Lines from the one containing "Three men stand" through the last line of the data are to be returned exactly, both ends included, minus any pictures.

### SUPPLIED DATA

= Beginning of Section =

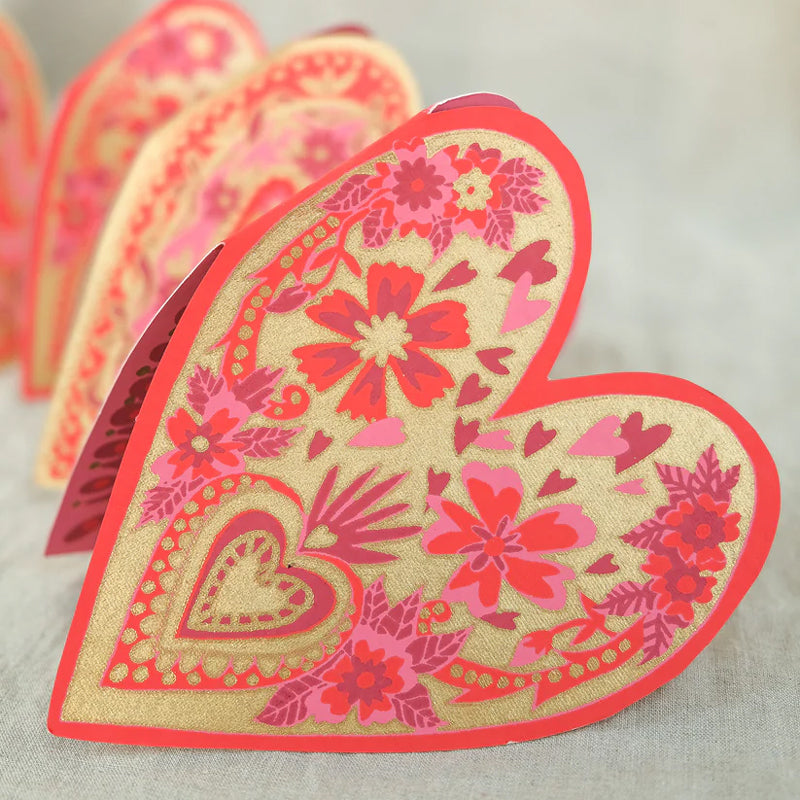 Heart-shaped decorative item with floral patterns on a light background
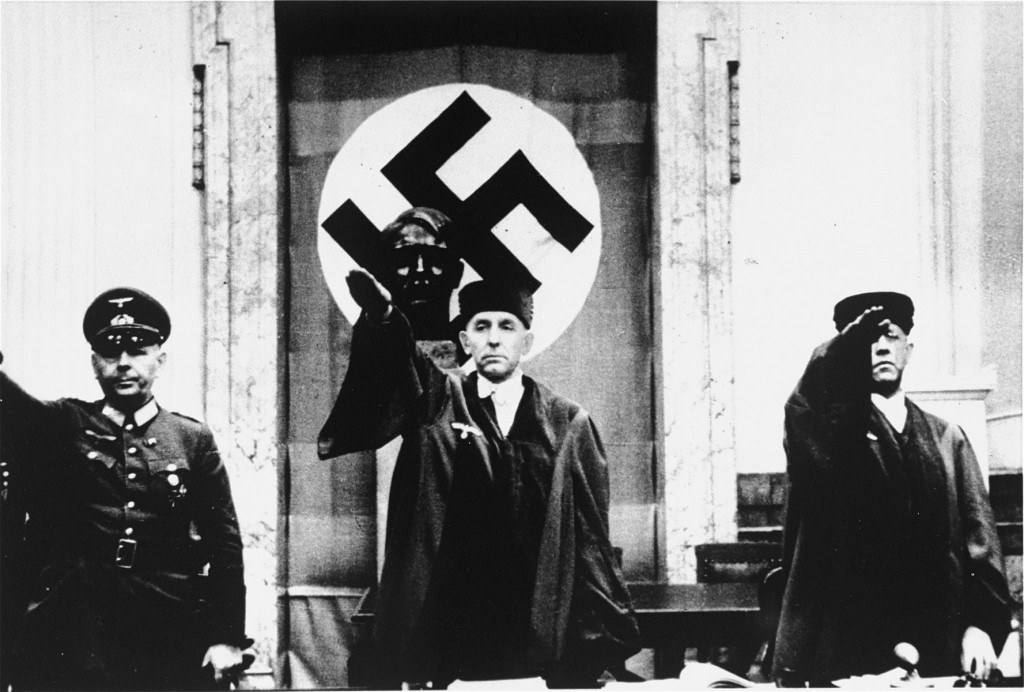 Three men stand with arms raised in Nazi salutes. There is a bust of Hitler on a pedestal behind them and a Nazi flag is hung on the wall.
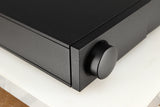 Front left corner of a used Naim NAC112 Pre Amplifier in a black finish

= End of Section =

### SOLUTION
 Three men stand with arms raised in Nazi salutes. There is a bust of Hitler on a pedestal behind them and a Nazi flag is hung on the wall.
 Front left corner of a used Naim NAC112 Pre Amplifier in a black finish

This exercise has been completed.